» Assigned task: Copy out, unchanged, every line from the start of the records to the line that contains "Livre bravo Martine", and stop there.

═══ Data extract ═══

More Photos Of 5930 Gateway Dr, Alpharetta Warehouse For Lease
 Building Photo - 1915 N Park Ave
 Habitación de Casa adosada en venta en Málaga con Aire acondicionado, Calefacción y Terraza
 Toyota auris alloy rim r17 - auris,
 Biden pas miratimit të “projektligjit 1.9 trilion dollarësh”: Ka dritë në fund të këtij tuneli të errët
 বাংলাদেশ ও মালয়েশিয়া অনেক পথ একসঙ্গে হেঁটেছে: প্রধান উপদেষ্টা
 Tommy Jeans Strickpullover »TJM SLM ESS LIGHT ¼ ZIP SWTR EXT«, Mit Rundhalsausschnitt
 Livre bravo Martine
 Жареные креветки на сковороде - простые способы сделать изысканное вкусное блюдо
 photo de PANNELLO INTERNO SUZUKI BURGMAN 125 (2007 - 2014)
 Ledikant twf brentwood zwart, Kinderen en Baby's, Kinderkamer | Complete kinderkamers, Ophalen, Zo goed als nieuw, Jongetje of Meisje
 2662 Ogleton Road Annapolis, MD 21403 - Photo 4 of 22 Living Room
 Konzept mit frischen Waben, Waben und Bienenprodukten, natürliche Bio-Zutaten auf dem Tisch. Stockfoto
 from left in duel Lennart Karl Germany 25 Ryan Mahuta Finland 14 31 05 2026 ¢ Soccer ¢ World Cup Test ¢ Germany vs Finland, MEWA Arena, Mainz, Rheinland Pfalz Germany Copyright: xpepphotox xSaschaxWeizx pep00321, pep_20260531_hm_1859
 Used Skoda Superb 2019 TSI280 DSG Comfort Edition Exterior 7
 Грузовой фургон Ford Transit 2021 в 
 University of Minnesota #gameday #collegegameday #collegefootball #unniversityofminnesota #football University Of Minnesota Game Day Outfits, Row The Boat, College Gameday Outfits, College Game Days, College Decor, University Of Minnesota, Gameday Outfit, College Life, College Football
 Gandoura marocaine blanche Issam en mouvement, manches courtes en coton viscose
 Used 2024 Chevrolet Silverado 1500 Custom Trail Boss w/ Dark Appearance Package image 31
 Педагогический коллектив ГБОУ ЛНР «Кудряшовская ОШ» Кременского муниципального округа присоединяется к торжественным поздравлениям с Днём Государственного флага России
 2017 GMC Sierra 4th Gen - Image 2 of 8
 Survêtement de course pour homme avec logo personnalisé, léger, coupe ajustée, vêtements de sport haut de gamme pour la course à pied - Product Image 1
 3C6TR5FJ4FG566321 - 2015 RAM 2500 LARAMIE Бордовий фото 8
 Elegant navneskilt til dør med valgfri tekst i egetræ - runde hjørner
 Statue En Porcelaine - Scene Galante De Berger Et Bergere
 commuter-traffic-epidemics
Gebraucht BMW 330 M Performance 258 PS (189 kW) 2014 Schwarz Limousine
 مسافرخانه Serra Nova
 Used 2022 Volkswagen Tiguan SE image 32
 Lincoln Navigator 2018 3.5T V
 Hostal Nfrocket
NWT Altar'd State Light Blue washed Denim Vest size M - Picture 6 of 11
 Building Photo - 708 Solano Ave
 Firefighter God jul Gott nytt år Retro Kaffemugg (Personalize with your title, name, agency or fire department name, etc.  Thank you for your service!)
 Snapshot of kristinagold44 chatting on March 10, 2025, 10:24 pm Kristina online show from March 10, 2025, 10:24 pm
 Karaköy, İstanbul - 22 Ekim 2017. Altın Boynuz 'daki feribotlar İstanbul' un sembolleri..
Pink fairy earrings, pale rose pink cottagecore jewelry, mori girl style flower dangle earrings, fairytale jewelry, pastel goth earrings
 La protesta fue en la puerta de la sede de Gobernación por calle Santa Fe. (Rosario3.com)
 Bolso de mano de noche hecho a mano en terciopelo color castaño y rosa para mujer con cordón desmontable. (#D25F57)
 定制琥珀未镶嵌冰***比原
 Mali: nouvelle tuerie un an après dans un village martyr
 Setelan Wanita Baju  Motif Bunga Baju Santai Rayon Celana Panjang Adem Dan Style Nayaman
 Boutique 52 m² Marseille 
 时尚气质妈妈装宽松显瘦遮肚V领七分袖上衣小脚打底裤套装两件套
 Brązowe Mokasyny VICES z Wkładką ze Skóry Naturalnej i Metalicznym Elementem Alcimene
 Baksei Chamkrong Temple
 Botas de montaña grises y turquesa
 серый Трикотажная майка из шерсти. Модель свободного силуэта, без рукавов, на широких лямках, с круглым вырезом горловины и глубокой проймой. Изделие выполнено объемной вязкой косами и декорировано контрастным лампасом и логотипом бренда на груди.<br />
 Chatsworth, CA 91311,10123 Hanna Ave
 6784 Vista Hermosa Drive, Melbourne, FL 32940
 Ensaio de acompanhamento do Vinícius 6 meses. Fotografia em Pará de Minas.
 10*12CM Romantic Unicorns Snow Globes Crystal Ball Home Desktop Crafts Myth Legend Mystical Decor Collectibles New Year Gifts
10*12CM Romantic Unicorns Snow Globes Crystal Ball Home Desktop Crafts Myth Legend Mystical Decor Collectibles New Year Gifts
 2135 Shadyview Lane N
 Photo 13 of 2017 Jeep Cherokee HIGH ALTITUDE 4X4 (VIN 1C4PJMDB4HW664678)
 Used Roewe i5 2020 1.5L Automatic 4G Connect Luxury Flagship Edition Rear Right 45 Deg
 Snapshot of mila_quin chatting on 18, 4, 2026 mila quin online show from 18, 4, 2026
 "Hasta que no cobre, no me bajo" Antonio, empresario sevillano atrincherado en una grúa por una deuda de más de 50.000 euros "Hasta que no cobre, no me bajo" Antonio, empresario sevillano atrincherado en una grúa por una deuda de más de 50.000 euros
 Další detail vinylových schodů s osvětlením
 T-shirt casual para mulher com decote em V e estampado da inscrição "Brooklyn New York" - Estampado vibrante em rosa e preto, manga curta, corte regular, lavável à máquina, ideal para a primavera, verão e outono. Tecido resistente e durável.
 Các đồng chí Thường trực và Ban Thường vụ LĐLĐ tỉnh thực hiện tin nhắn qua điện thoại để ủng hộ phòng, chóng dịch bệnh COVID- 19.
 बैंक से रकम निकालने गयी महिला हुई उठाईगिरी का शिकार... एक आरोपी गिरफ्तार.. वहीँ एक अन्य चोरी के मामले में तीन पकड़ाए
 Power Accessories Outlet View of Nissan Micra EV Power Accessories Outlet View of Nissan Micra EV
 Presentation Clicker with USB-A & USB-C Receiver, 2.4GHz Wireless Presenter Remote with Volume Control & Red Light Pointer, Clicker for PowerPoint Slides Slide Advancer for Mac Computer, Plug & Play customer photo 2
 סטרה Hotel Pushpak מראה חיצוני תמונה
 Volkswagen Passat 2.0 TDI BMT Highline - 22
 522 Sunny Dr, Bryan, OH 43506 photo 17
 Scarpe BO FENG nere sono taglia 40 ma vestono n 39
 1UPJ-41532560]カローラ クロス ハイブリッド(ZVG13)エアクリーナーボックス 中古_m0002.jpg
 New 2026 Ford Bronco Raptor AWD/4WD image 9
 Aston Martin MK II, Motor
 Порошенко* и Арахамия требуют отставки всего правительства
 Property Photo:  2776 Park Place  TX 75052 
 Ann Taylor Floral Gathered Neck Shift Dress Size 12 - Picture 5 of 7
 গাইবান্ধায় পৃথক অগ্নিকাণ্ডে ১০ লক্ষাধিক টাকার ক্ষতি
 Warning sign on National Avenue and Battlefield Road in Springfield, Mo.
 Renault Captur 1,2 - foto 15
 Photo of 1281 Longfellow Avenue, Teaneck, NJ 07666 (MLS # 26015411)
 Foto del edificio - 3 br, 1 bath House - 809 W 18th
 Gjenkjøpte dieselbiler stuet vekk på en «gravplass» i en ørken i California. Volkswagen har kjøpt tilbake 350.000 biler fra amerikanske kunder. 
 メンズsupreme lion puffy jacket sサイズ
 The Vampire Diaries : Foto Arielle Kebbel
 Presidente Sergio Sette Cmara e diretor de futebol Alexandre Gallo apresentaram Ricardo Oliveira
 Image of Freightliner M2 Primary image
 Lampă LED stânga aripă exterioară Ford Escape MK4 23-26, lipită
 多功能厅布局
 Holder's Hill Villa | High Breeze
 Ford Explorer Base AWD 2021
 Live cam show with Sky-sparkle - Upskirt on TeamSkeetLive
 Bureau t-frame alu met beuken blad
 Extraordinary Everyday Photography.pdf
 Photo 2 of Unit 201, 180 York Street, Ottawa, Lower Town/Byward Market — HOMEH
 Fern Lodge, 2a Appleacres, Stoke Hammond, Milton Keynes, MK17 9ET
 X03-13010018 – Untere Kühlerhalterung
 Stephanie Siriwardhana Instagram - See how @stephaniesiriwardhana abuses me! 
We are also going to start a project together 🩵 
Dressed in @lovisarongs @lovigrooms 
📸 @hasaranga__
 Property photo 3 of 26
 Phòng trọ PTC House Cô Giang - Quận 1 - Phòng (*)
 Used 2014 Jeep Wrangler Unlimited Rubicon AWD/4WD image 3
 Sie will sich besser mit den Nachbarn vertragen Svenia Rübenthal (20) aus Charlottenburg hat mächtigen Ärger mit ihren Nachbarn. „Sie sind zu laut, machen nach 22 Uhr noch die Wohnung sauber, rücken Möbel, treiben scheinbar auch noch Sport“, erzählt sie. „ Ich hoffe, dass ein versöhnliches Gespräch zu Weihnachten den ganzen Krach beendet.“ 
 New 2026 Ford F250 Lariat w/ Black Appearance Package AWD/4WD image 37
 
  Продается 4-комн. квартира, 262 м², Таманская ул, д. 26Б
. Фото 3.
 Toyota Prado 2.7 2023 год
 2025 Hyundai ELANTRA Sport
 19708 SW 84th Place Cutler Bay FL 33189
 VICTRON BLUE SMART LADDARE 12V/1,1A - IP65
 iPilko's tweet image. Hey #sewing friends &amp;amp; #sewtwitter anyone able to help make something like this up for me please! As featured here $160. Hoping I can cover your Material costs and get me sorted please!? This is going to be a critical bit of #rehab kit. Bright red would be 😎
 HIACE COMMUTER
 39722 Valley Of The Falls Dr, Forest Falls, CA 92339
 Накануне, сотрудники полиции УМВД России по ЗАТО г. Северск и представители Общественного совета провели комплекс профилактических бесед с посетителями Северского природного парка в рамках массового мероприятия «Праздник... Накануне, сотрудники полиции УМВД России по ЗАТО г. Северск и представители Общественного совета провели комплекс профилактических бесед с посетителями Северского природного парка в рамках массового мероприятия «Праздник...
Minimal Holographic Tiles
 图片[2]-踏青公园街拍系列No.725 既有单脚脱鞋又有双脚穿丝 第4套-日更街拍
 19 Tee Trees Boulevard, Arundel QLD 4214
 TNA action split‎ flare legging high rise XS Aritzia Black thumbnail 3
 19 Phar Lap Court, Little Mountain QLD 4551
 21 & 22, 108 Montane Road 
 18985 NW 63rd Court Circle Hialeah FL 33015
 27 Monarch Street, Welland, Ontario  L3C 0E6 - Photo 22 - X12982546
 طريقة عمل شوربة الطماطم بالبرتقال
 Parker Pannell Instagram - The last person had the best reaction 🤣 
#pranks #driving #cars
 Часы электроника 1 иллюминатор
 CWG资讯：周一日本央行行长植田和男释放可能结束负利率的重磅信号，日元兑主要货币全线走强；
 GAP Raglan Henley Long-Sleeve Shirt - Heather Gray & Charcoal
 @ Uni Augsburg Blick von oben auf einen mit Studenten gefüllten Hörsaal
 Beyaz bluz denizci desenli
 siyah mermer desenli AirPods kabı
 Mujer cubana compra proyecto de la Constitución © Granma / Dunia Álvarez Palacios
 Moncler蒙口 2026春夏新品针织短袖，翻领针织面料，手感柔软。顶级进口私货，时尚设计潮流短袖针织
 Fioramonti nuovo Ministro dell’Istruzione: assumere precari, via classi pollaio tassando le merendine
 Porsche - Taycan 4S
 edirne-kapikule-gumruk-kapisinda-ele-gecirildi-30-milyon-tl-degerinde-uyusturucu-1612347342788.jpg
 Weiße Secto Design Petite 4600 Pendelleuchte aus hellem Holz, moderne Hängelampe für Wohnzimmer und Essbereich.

═══

» Answer space:
More Photos Of 5930 Gateway Dr, Alpharetta Warehouse For Lease
 Building Photo - 1915 N Park Ave
 Habitación de Casa adosada en venta en Málaga con Aire acondicionado, Calefacción y Terraza
 Toyota auris alloy rim r17 - auris,
 Biden pas miratimit të “projektligjit 1.9 trilion dollarësh”: Ka dritë në fund të këtij tuneli të errët
 বাংলাদেশ ও মালয়েশিয়া অনেক পথ একসঙ্গে হেঁটেছে: প্রধান উপদেষ্টা
 Tommy Jeans Strickpullover »TJM SLM ESS LIGHT ¼ ZIP SWTR EXT«, Mit Rundhalsausschnitt
 Livre bravo Martine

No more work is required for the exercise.